Christa Hughes is a barrage of anecdotes and reminiscence.

She has emerged as one of the most celebrated cabaret/vaudeville acts in the country, and when your crowd can be as raucous as the stage, well, it helps to be able to talk the talk. She reams off stories and observations as though a dam has burst within her chest, and more often than not, my questions are swept away as one insight rapidly segues into the next. She’s charming, but God knows where she gets such energy. Perhaps it runs in the family, for Hughes has spent three decades performing with her jazz pianist father, Dick.

“When I first started singing it was just with my dad,” Hughes recalls, “and we had a residency every Sunday at the Shakespeare in Surry Hills in the very early ’90s. I guess I was around 17. It was so good, because the early ’90s in Sydney, there was so much going on, a very different atmosphere than what’s going on now. And it was free, so you’d just wander in. You’d get these very interesting kinds of people. You’d get the old folks there nice and early, you’d have the housing commission people across the road, you’d have people who’d be coming down from their weekend benders to listen to some jazz as a way to take the edge off things. It was a great combo of people, but we had no amplification. It was just him on the upright piano and me belting out in the corner.”

It was there in that beer-dappled space (and back in the days when you could still smoke inside) where Hughes’ theatrical education began in earnest. For those who have seen Hughes perform before – either in her own right, or during her time as KK Juggy in Machine Gun Fellatio – you can tell that teenage ghost is still in there, reeling folks in off the street, belting out tunes as her father’s hands rattle across the keys.

“You just had to be theatrical to be heard,” she says. “Lucky I have a big voice. But more than that, it’s one thing to be heard, but you don’t want to just be shouting everyone down. You want to hold attention because you’re actually doing something. People ask me if I went to drama school, but no. I sang unplugged in a pub where you had to learn these things to keep people’s interest. And as I got older, and got more involved in rock’n’roll, singing with Vrag, who were the precursor to Machine Gun Fellatio – who were very theatrical in such an irreverent way; crazy costumes, crazy antics, crazy guests – and then went overseas where I kind of fell into cabaret.

“I never sat down and thought, ‘I need to make myself more theatrical.’ It was more by chance, and I found it very, very boring watching bands just in jeans and T-shirts staring at the floor, mumbling into the microphone. There would be no performance.”

Shoegaze sounds about as far as possible from what Hughes has planned for Sydney Fesitval. The show – Oz Rockin’ The Ladies Lounge – is a reinvention of Aussie rock classics; acts like Cold Chisel, AC/DC and Divinyls, all retooled to revel in absurd cab-burlesque glory. But that division between cabaret and burlesque is itself quite a contentious issue. No one seems entirely certain where one ends and the other begins; if they are naughty bedfellows, or bitter rivals eking out a living in nightclubs and dive bars the world over. In Hughes’ eyes, it doesn’t help that the current standard-bearer for burlesque is leaving quite a bit to be desired.

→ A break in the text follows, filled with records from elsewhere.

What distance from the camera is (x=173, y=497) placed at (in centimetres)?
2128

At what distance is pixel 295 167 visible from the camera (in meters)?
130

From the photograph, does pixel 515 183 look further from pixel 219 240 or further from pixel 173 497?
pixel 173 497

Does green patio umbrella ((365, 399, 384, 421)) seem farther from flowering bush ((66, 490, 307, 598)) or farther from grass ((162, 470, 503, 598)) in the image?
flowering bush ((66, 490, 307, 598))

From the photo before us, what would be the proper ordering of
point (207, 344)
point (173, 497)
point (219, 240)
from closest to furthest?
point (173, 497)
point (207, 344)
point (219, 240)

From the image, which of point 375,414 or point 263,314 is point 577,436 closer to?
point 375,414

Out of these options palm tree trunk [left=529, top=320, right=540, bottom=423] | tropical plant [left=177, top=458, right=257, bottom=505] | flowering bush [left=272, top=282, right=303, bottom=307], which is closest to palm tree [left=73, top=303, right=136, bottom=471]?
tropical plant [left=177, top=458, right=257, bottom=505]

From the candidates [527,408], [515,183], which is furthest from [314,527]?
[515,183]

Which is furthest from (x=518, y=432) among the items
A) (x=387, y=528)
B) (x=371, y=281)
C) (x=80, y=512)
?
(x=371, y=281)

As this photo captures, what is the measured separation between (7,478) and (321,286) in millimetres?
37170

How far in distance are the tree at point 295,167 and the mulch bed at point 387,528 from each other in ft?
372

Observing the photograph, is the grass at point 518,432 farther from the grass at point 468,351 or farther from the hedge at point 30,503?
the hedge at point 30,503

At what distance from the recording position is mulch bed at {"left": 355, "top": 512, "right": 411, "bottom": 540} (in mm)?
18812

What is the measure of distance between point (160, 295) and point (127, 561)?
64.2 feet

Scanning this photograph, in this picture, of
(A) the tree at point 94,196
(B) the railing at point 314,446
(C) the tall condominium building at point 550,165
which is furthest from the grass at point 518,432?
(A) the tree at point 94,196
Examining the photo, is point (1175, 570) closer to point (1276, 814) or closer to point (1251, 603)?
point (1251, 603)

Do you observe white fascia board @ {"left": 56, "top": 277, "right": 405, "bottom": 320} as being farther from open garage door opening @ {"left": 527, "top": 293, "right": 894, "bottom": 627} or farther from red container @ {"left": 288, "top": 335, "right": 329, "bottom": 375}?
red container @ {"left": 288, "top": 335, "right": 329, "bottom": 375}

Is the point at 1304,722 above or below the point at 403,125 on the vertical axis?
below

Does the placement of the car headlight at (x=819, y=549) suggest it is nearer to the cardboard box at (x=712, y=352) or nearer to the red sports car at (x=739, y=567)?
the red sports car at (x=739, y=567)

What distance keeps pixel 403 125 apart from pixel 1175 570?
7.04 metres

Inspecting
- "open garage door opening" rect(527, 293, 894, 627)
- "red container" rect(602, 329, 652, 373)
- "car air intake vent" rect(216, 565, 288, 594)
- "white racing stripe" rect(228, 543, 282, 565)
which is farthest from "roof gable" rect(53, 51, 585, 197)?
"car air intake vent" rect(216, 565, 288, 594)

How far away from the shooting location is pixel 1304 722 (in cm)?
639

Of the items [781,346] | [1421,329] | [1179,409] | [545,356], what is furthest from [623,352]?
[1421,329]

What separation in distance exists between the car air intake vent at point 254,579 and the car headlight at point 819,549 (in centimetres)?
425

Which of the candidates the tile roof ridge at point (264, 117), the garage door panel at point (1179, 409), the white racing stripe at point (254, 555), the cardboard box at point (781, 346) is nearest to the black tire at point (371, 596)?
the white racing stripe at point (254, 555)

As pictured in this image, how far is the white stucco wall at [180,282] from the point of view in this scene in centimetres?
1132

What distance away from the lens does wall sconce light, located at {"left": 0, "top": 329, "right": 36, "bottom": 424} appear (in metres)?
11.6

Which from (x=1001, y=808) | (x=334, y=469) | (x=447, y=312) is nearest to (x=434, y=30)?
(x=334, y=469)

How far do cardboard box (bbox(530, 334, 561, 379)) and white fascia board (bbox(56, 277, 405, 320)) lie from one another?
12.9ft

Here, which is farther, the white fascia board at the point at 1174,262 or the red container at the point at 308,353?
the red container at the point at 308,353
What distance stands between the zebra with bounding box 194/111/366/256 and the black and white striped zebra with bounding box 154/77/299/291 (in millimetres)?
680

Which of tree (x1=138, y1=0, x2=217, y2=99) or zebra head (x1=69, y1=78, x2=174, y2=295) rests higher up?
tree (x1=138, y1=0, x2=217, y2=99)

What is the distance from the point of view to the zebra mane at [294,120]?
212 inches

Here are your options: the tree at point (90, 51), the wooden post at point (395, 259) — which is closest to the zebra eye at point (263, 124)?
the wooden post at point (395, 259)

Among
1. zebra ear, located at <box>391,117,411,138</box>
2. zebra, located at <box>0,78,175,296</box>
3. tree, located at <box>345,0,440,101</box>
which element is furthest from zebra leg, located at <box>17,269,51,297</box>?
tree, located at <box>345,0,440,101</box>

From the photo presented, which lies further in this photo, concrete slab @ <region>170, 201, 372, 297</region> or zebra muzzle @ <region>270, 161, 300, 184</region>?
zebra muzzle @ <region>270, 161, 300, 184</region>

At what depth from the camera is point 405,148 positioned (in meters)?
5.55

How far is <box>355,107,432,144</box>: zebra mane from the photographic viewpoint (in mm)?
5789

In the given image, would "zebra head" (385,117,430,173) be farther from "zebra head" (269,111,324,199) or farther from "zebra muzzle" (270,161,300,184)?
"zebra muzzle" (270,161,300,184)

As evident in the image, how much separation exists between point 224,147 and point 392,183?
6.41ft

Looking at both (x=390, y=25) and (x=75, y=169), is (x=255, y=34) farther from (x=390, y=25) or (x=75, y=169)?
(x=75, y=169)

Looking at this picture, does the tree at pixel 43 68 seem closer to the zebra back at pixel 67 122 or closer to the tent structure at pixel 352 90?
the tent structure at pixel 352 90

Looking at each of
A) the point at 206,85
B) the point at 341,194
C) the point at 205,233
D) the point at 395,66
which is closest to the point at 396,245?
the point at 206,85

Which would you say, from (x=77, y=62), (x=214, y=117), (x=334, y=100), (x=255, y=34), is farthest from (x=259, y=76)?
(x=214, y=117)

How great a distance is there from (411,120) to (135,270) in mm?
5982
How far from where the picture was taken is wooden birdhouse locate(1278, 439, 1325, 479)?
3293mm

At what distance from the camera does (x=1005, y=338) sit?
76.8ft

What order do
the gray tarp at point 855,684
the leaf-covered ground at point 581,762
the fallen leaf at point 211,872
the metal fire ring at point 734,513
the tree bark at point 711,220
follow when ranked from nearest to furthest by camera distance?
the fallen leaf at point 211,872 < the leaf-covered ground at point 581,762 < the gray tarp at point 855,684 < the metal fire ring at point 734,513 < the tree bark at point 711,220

“A lot of people ask if I’m cabaret or burlesque, and well, I do a bit of both. I don’t do straight burlesque. God, one of the worst shows I saw recently was Dita Von Teese, probably the most famous burlesque artist in the world right now. People were loving it, but it would have to be one of the dullest performances I’ve ever seen in my life. I’ve never seen anything so wooden. She looked pretty enough, she has a great body and everything, but she wasn’t a big mover. Every routine she had was exactly the same but with a slightly different outfit. And I thought this was so bloody boring. ‘Look at my very expensive underwear!’ Which is fine for maybe a couple of minutes, but it gets boring pretty quick. And if people like that, well, good. But when I was a teenager, there were some really out there, wild performances, and you’d always think back then, ‘Where’s this going to go from here?’ And the answer is, it went really tame and lame!” Hughes laughs.

“So whenever I’ve done burlesque, I’ve made sure it’s had more of an edge to it. And I’ve also never done the straight cabaret thing of standing by a piano, American songbook-style. Mainstream burlesque and mainstream cabaret are both very different, and I tend to move away from that. I’ve been involved in more alternative scenes where you can mix things up a bit. I don’t want people sitting there, closing their eyes and tapping their toes. I want them looking around wildly thinking, ‘What next, what next, what next!’”

Christa Hughes Is Oz Rockin’ The Ladies Lounge as part of Sydney Festival 2017, plays in theMagic Mirrors Spiegeltent, Tuesday January 24 – Thursday January 26.